I wrote another method that doesn't require sorting and as expected it is faster. For the new implementation, I figured that using an array for storing the occurrences was better than using a hash.

Cheers,

Dave

Awesome. You might try converting it to a hash for experimentation. The advantage of a hash is it does not require the index to be a number so the code will generalize to more uses and still be fast. While you are at it, you might also give the awk code a try.

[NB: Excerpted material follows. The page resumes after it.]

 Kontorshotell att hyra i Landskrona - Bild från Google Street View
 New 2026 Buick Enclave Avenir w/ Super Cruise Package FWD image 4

I am not sure how your data is organized exactly, is the first number in a line supposed to be the citation number and the rest are articles citing that one? If so, try awk '{count[$1]=(NF-1)}end{for(j in count) if(count[j]>10){print j" "count[j] }}' file.tsv . If instead, each number is a citation in an article, try awk '{for (i=1; i10){print j" "count[j] }}' file.tsv I would need to try the second one to make sure it interprets the $i to be the actual citation number in the appropriate field.

Happy programming.

I've recently proposed a novel index for evaluation of individual researchers that does not depend on the number of publications, accounts for different co-author contributions and age of publications, and scales from 0.0 to 9.9 (http://f1000research.com/articles/4-884). Moreover, it can be calculated with the help of freely available software. Please, share your thoughts on it. Would you use it along with the h-index, or maybe even instead of it, for evaluating your peers, potential collaborators or job applicants? If you've tried it on the people you know, do you find the results fair?

Hi Aleksey,

thanks for the paper. I'm not a fan of the h-index (or the citation index), so I'll definitely check out what you propose.

Cheers,

Dave

So, have you managed to try it? What do you think?